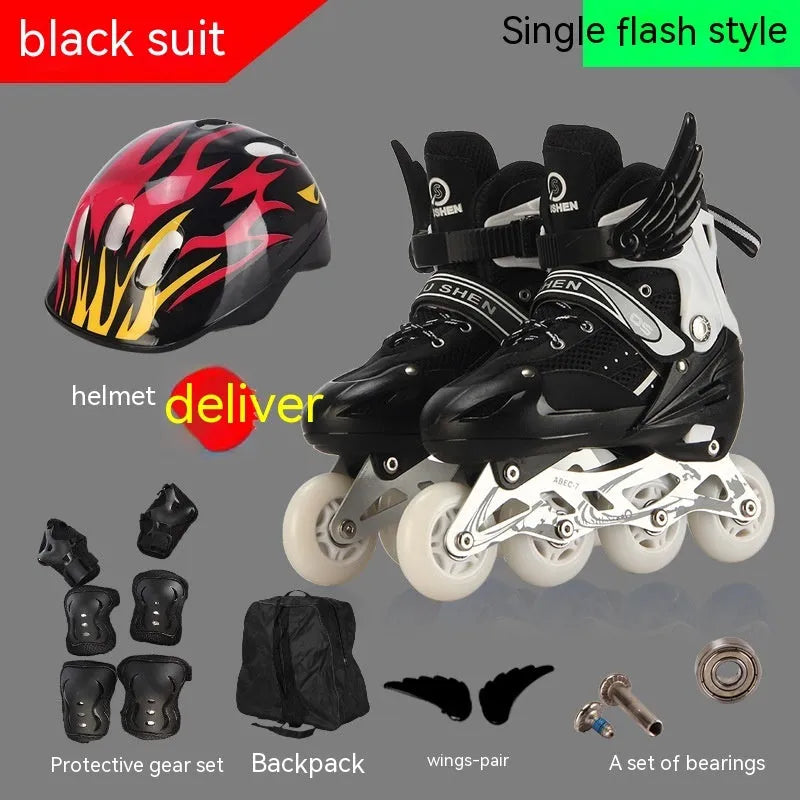 Children's roller skates with PU foam wheels in yellow, red, blue, black or pink, shown with protective helmet and pads.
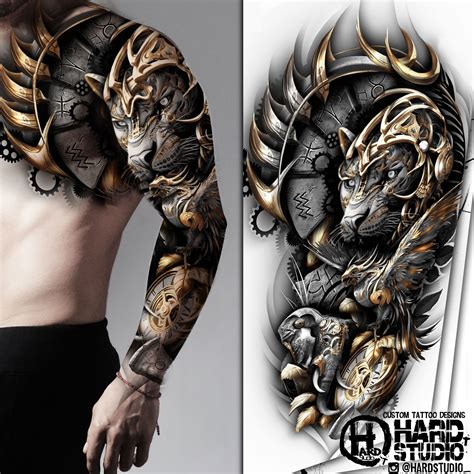 Get More From Hard Studio On Patreon Full Sleeve Tattoo Design Custom Tattoo Design Viking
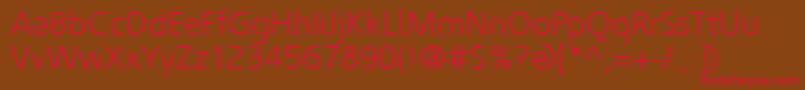 フォントFortheloveofhatelight – 赤い文字が茶色の背景にあります。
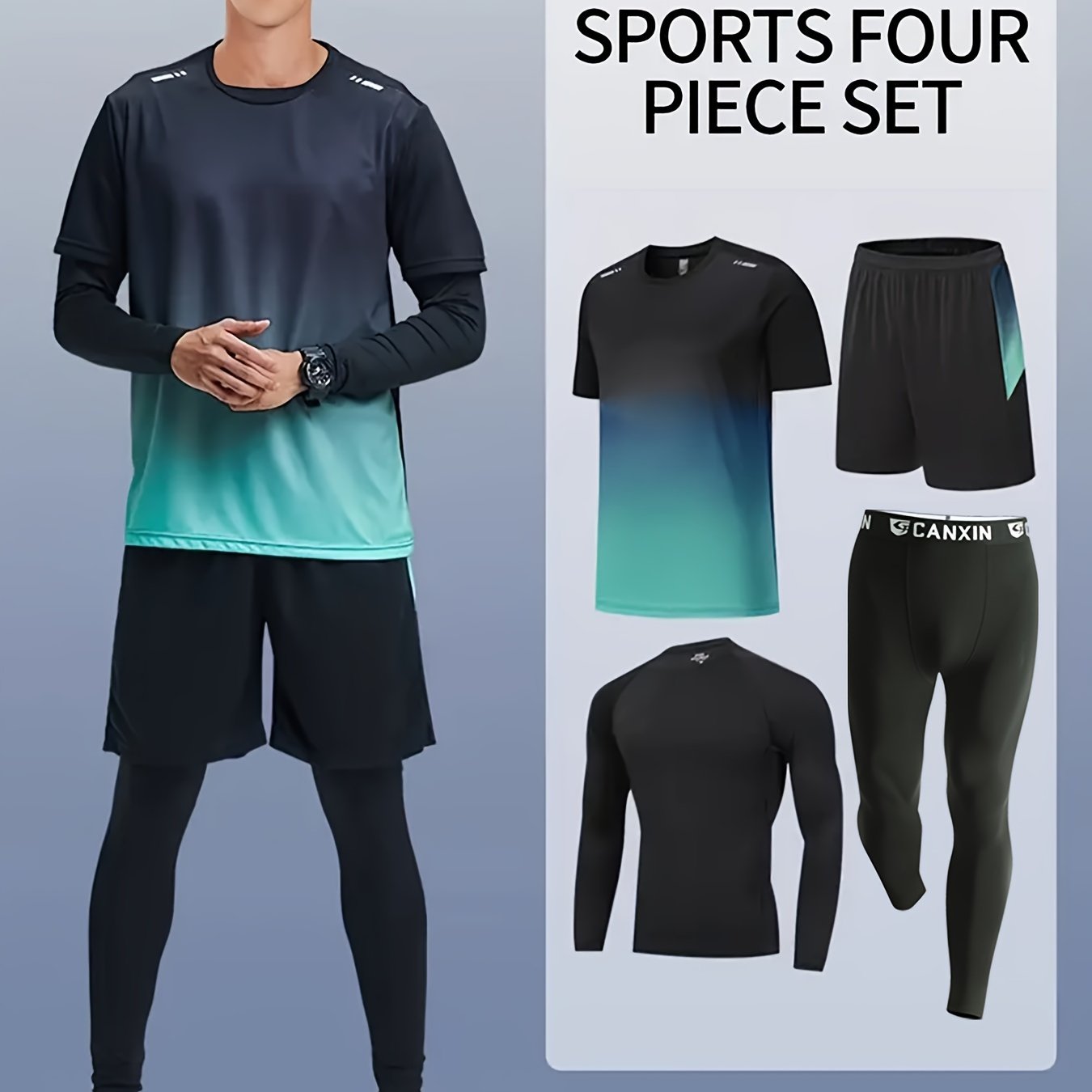 Men's Fitness Suit with loose short-sleeved shorts, quick-drying training, tight long-sleeved trousers for outdoor activities.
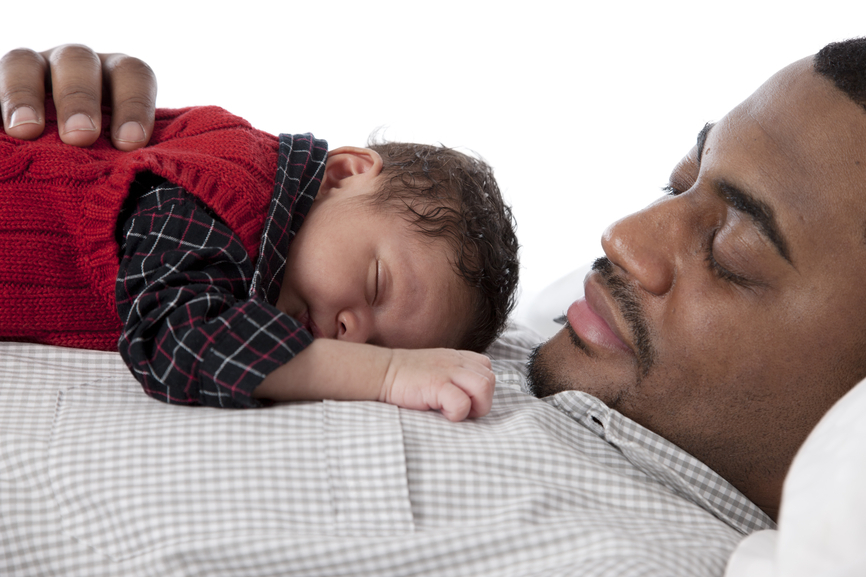 Real People: Father Sleeping Baby Boy African American Head Shou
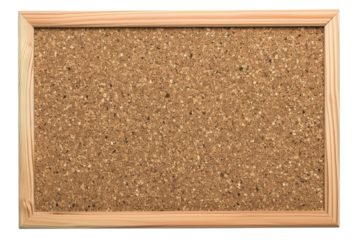 Empty bulletin board with wooden frame isolated on transparent background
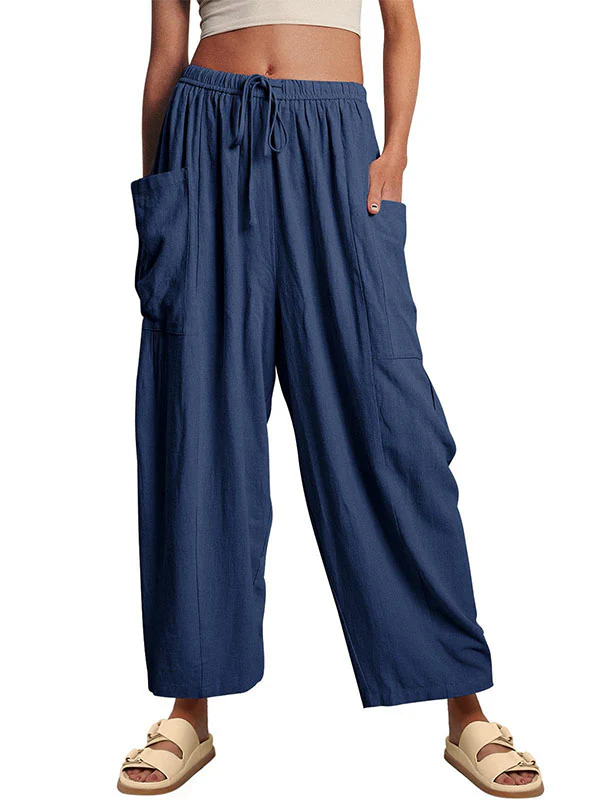 High Waisted Loose Drawstring Elasticity Pleated Pockets Solid Color Ninth Pants Trousers - Image 20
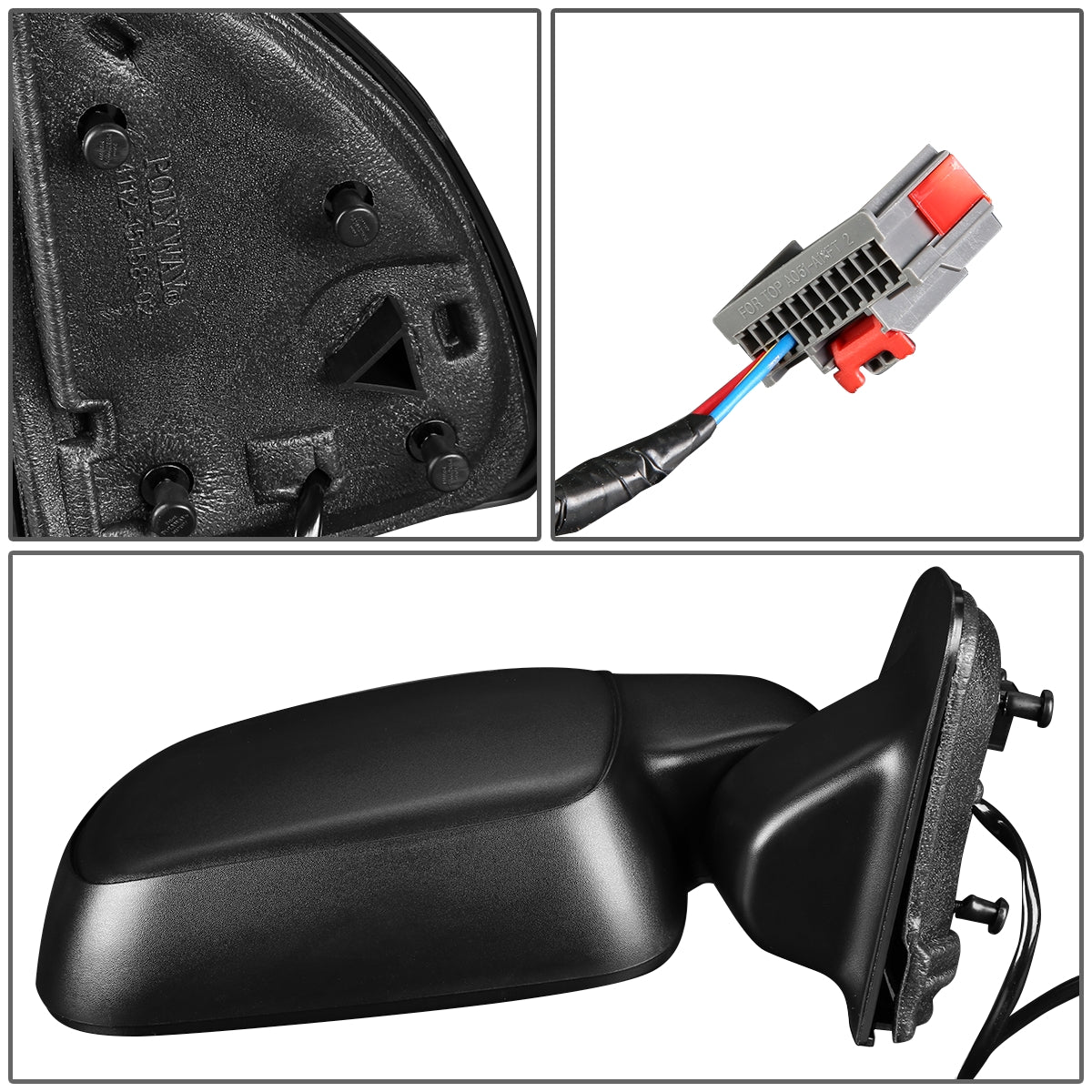 RETROVISOR MIRROR - OEM - 08-10 FORD F-250, F-350, F-450, F-550 SUPER DUTY - POWERED - TEXTURED - BLACK - RIGHT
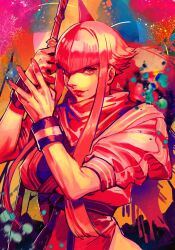 Rule 34 | 1girl, holding, holding staff, hungry clicker, manon legrand, pink hair, solo, staff, street fighter, street fighter 6, upper body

> _Task brief_
Above are records; write out the lines from the one with "Get More From" down to the one with "Empty bulletin board", exactly, leaving the pictures out.

> _Your solution_
 Get More From Hard Studio On Patreon Full Sleeve Tattoo Design Custom Tattoo Design Viking
 フォントFortheloveofhatelight – 赤い文字が茶色の背景にあります。
 Men's Fitness Suit with loose short-sleeved shorts, quick-drying training, tight long-sleeved trousers for outdoor activities.
 Real People: Father Sleeping Baby Boy African American Head Shou
 Empty bulletin board with wooden frame isolated on transparent background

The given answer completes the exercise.